> [DIRECTIONS FOR THIS TASK] What are the lines, word for word, from the line with "Ảnh 3. TP.HCM" up to and including the line with "Lovely & Sweet" in the records below? Omit the pictures.

> [EXTRACTED INFORMATION]
________________________

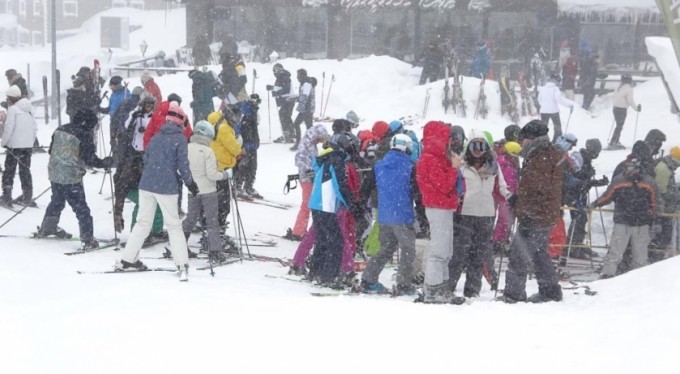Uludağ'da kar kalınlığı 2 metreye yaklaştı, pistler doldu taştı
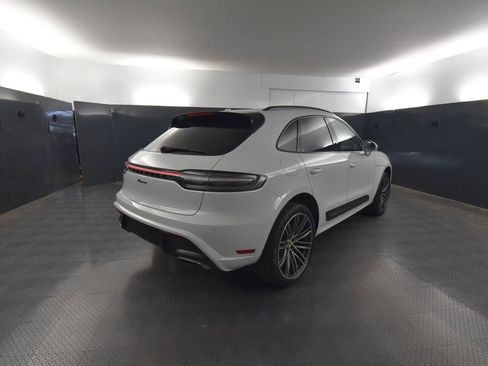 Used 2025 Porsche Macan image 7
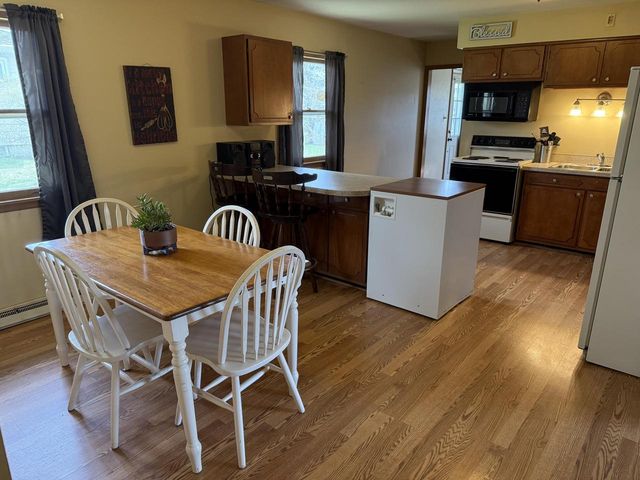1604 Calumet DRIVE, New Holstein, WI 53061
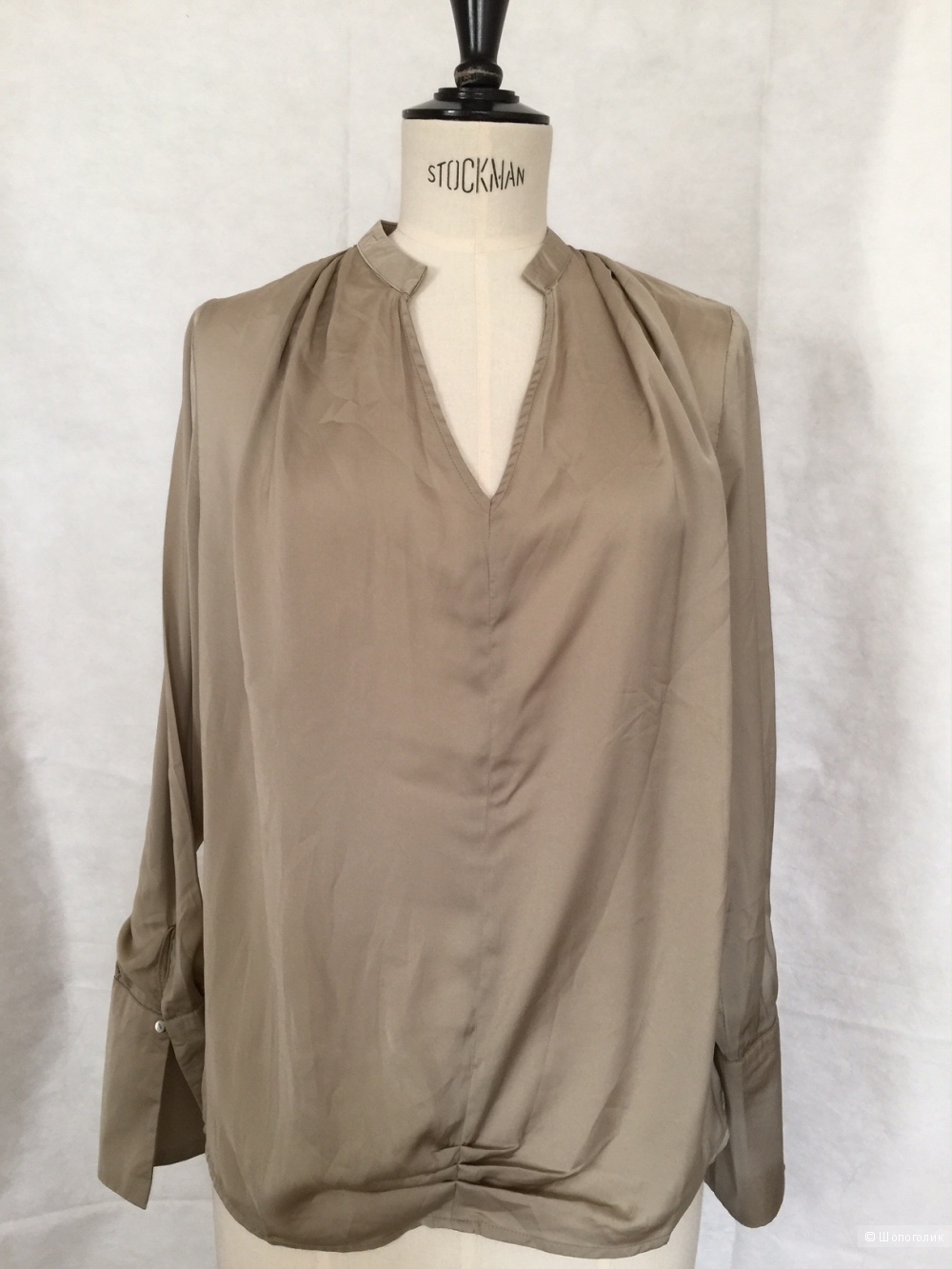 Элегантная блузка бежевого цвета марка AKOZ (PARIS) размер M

________________________

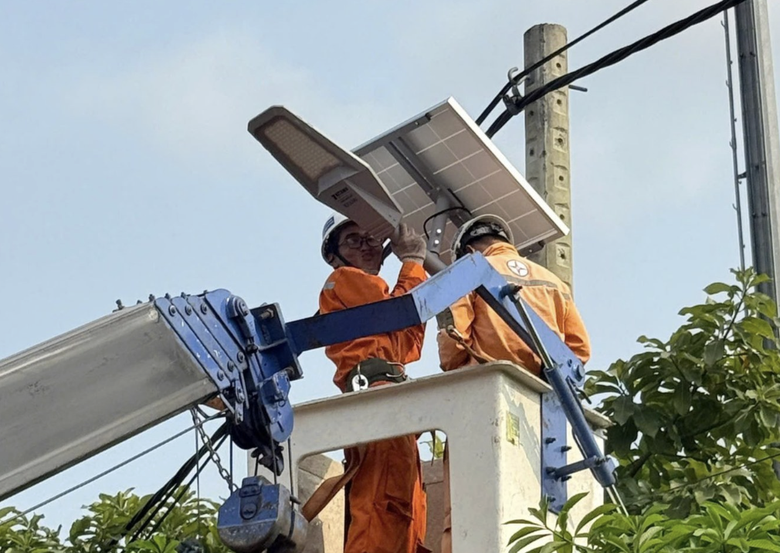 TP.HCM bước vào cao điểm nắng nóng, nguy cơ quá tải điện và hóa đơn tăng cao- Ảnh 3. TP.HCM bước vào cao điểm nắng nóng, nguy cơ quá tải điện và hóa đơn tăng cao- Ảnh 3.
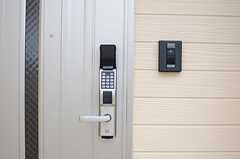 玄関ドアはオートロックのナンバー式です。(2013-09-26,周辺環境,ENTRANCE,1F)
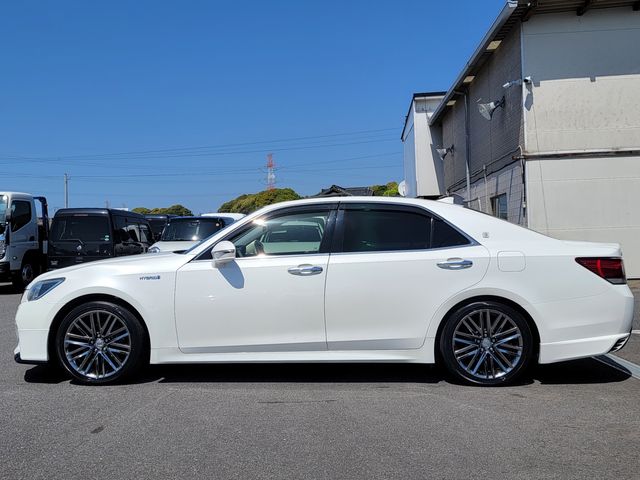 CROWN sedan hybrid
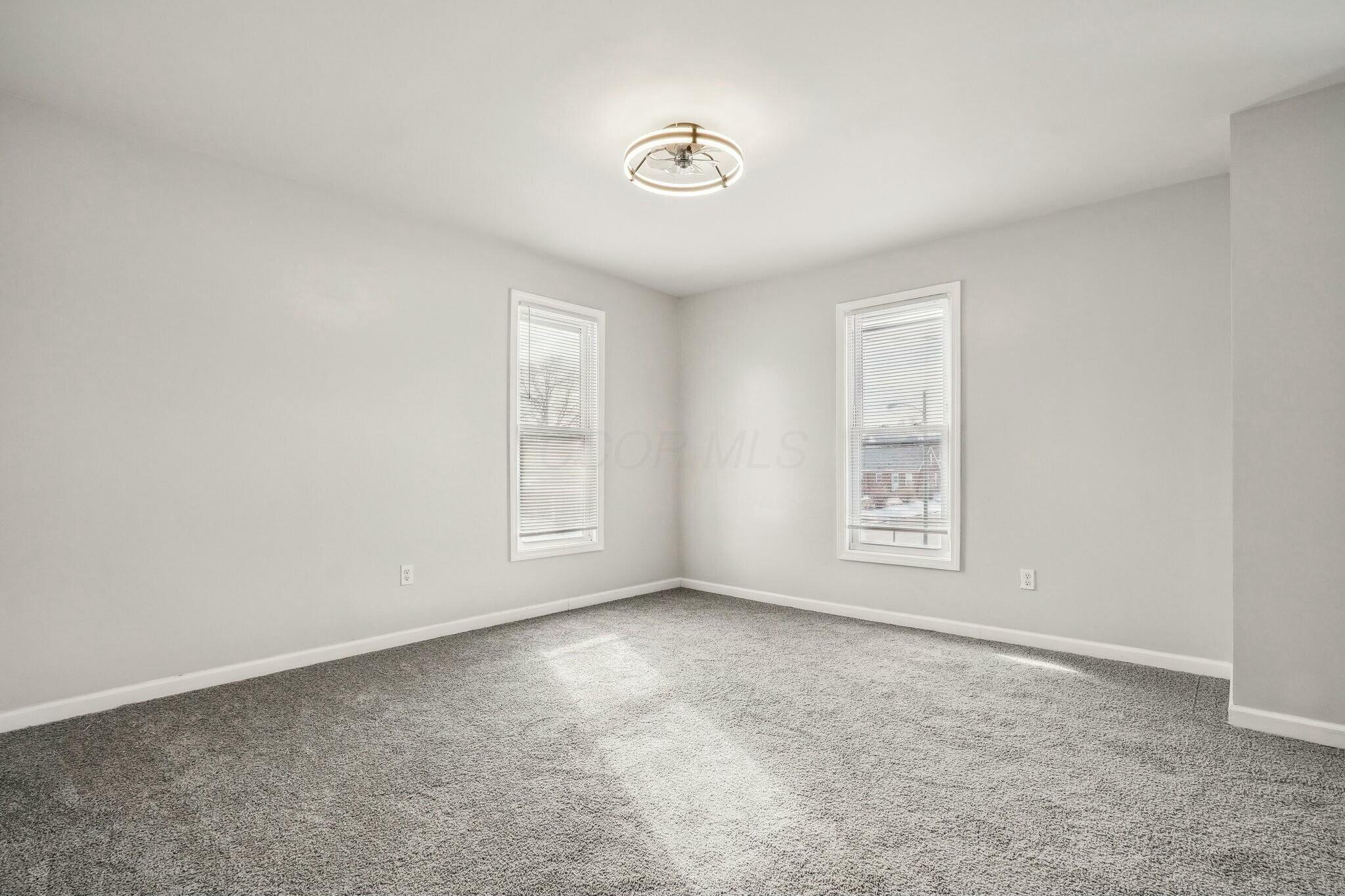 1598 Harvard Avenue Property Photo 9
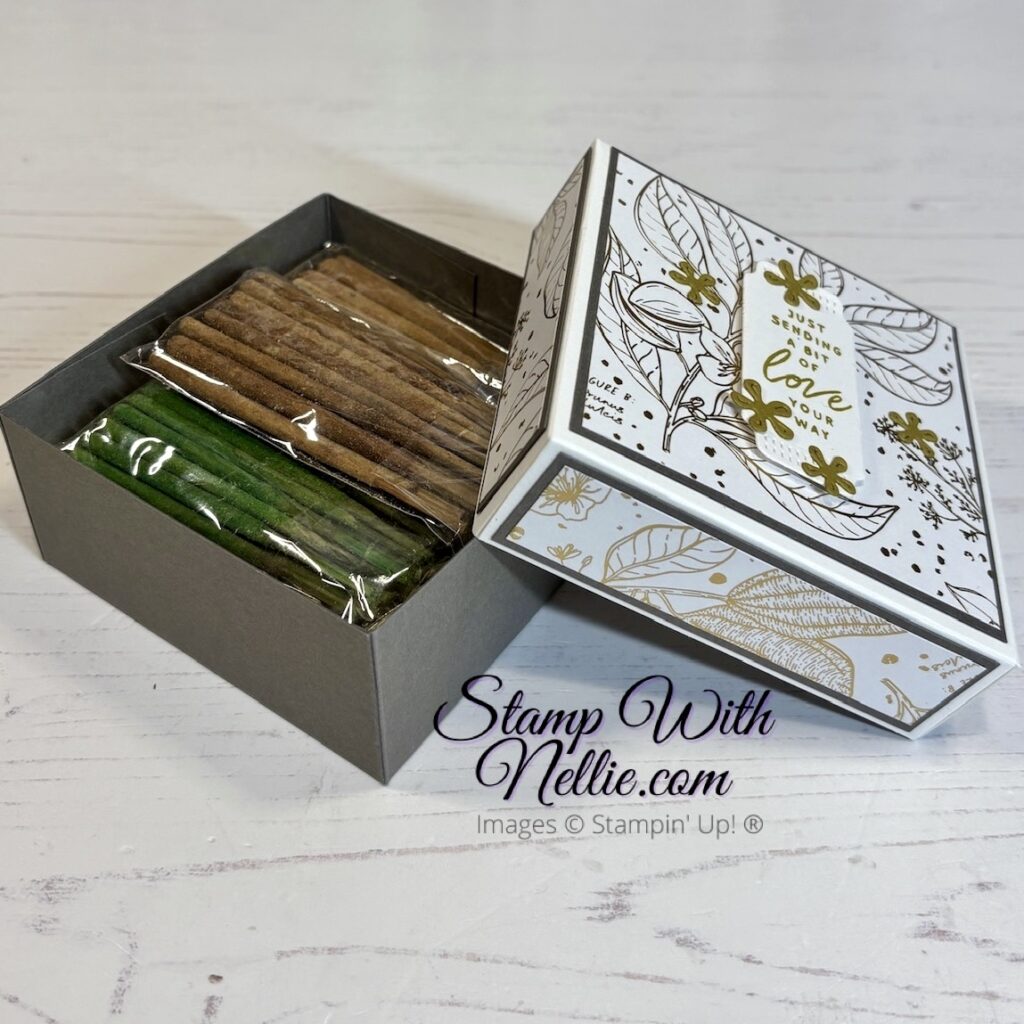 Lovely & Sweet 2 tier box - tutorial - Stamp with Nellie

________________________

> [WRITTEN RESPONSE]
 TP.HCM bước vào cao điểm nắng nóng, nguy cơ quá tải điện và hóa đơn tăng cao- Ảnh 3. TP.HCM bước vào cao điểm nắng nóng, nguy cơ quá tải điện và hóa đơn tăng cao- Ảnh 3.
 玄関ドアはオートロックのナンバー式です。(2013-09-26,周辺環境,ENTRANCE,1F)
 CROWN sedan hybrid
 1598 Harvard Avenue Property Photo 9
 Lovely & Sweet 2 tier box - tutorial - Stamp with Nellie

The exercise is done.